What is needed is an exact repetition of the lines below, from the first one through the one holding "Jumper Man Tommy Jeans", with no pictures and nothing else.

============================================================

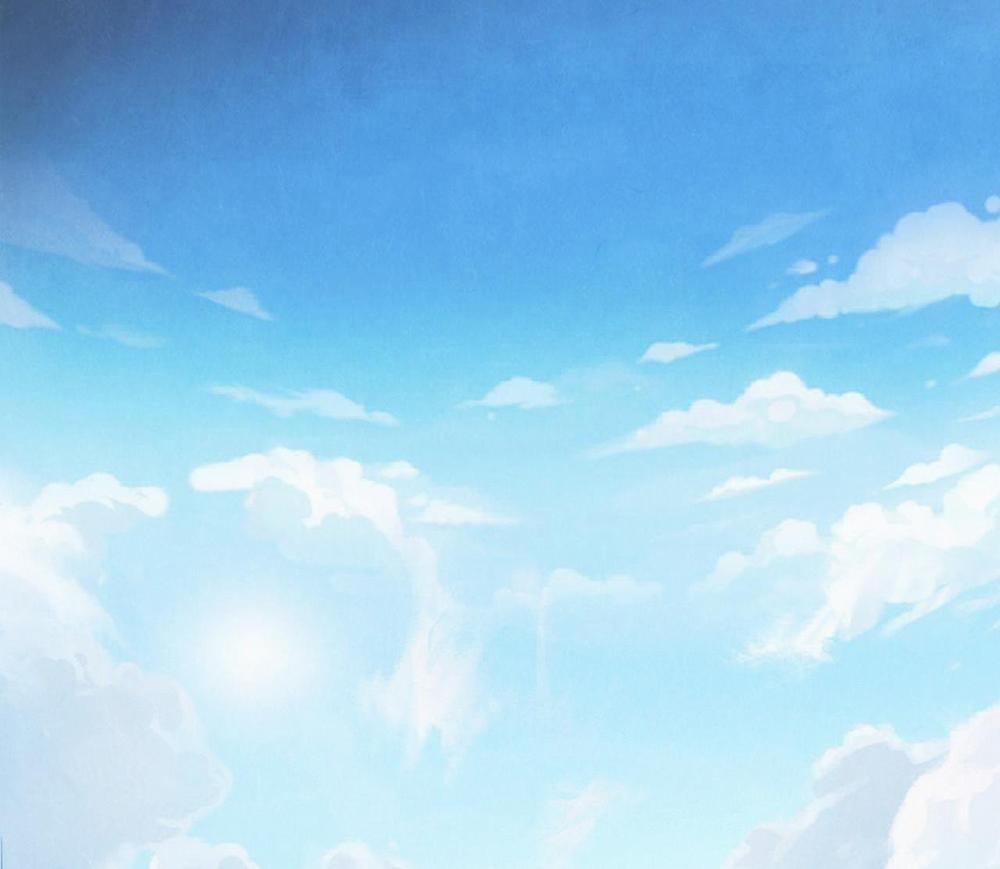 Vạn Cổ Chí Tôn 80 trang 50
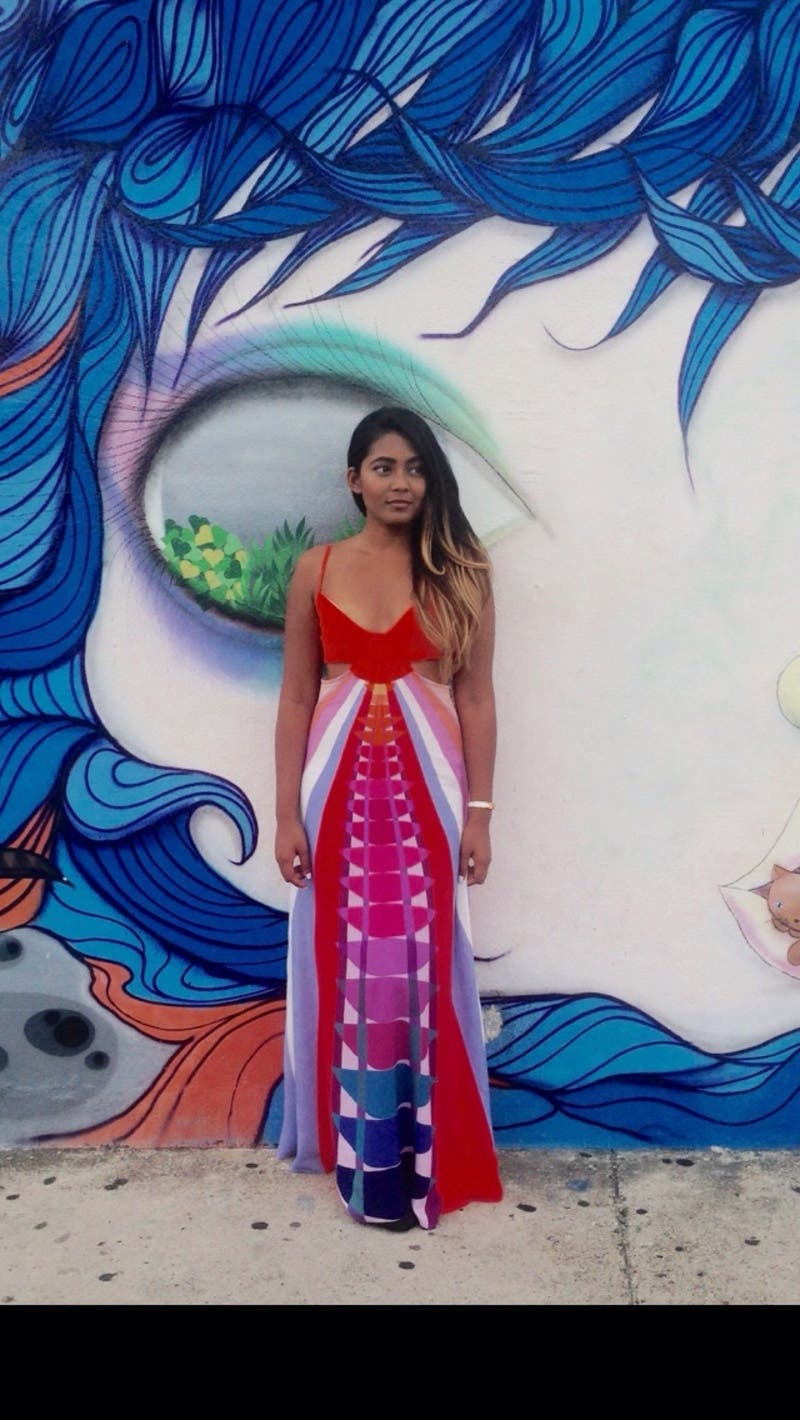 review thumbnail images 19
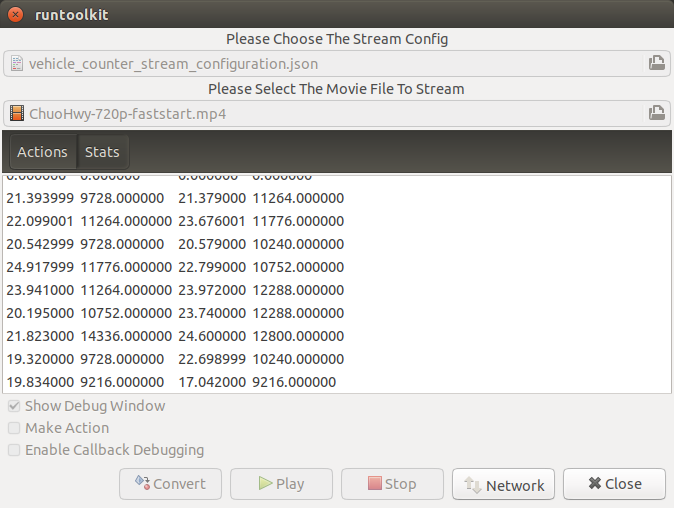 _images/test_eap_dialog_stopped.png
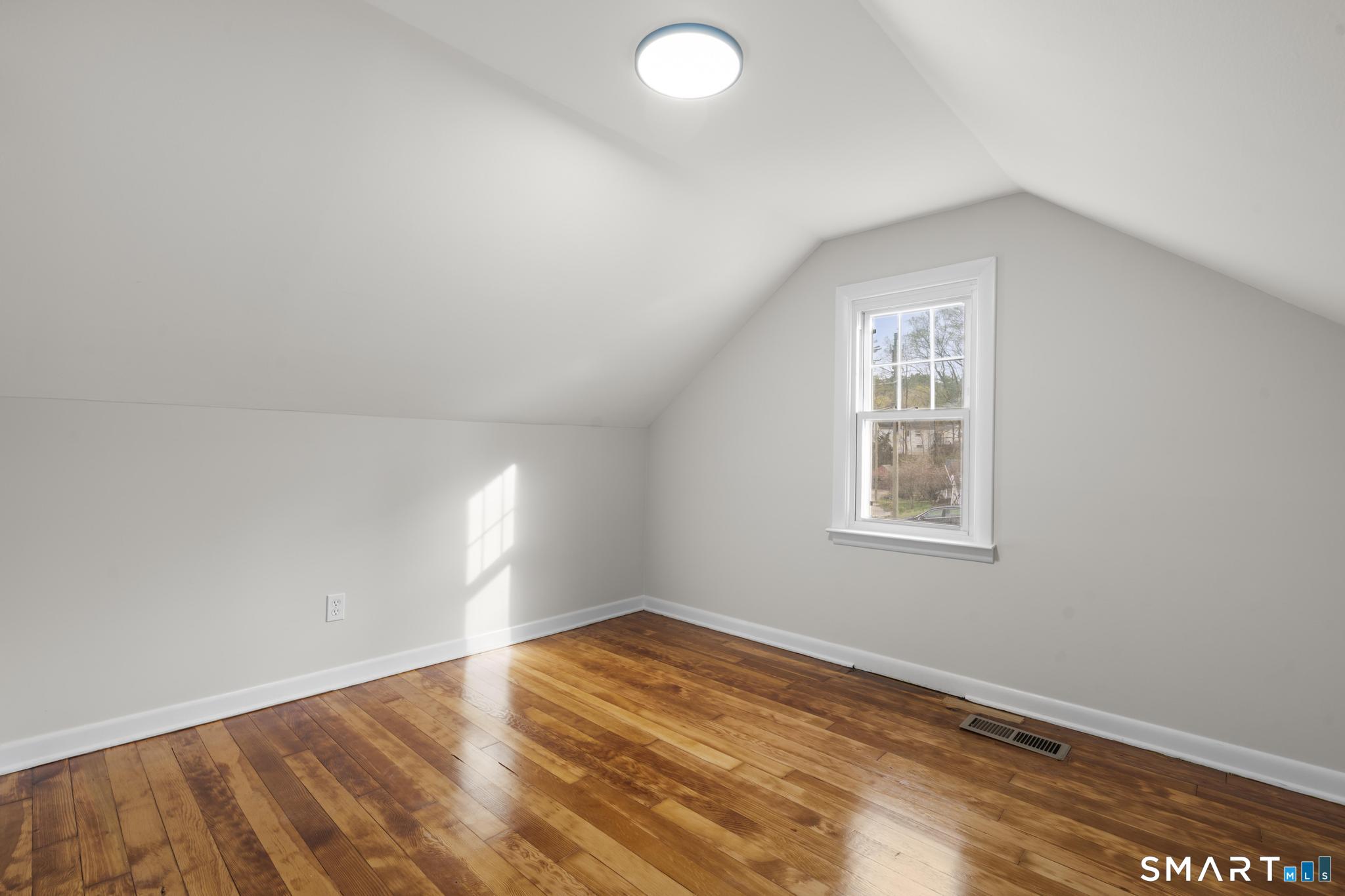 21 Russ Road Windham CT 06226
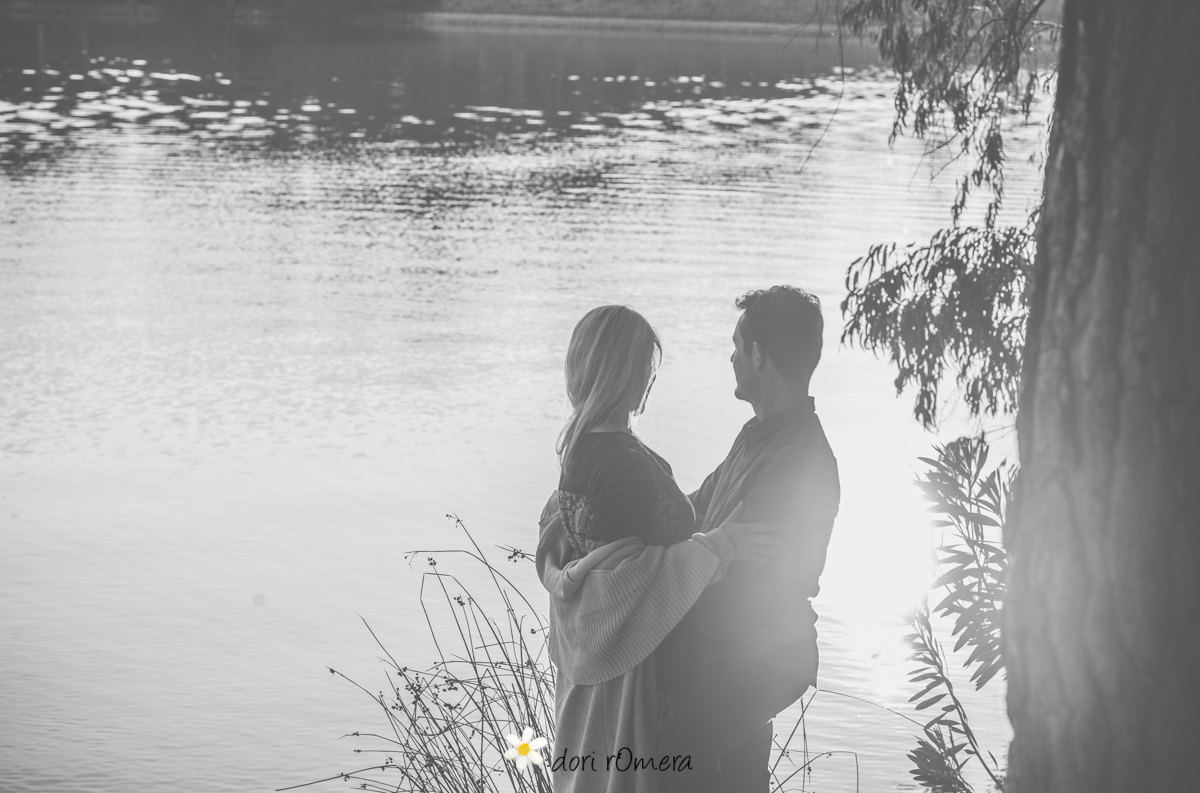 dorirOmeraAnna&Javier0065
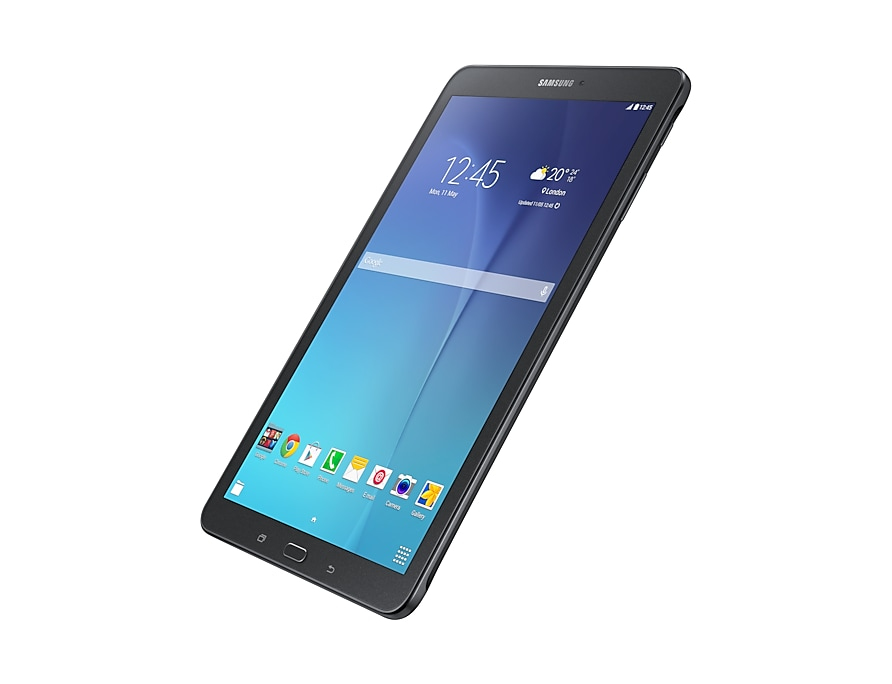 Samsung Galaxy Tab E SM-T561M – image 7
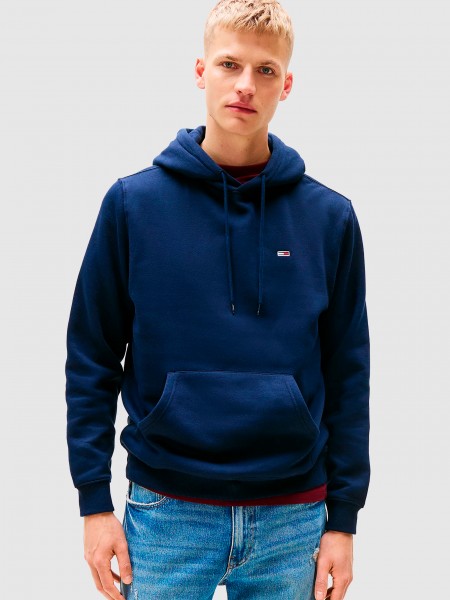 Jumper Man Tommy Jeans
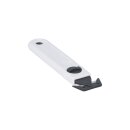 CUTX VARIOCUT X7070 Sicherheitsmesser – verdeckte Klinge, Warenschutz, 6,2 mm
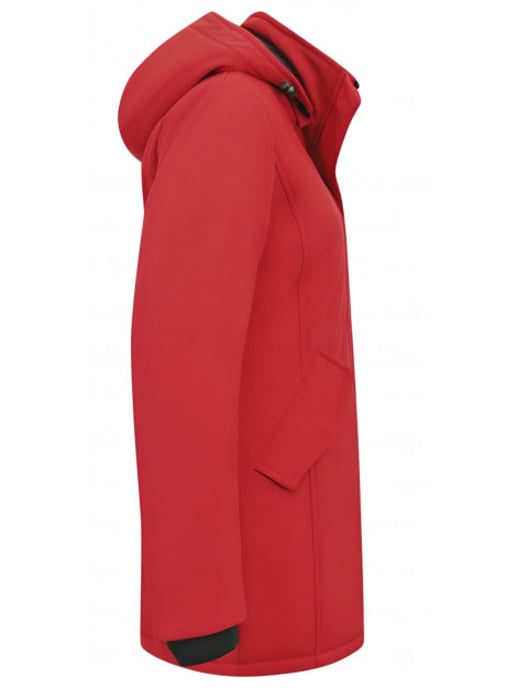Matogla Winterjas parka slim fit - Image 4
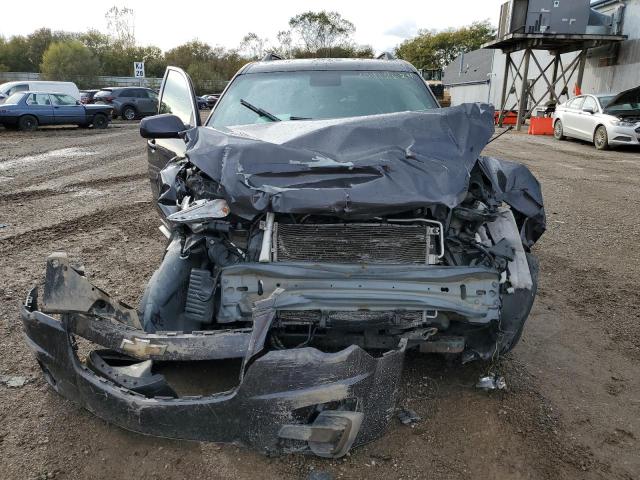 Photo 5 from auction – 2015 CHEVROLET EQUINOX LT with VIN 2GNFLBE30F6258879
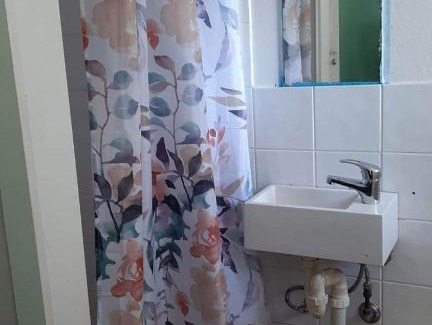 Surfers Paradise Hotel | Sunset Motor Inn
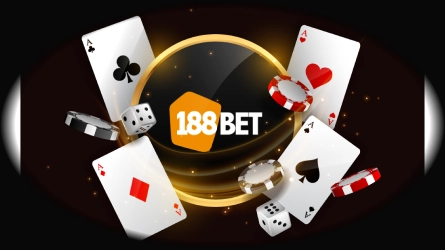 188bet-image-img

============================================================

-- Task solution --
 Vạn Cổ Chí Tôn 80 trang 50
 review thumbnail images 19
 _images/test_eap_dialog_stopped.png
 21 Russ Road Windham CT 06226
 dorirOmeraAnna&Javier0065
 Samsung Galaxy Tab E SM-T561M – image 7
 Jumper Man Tommy Jeans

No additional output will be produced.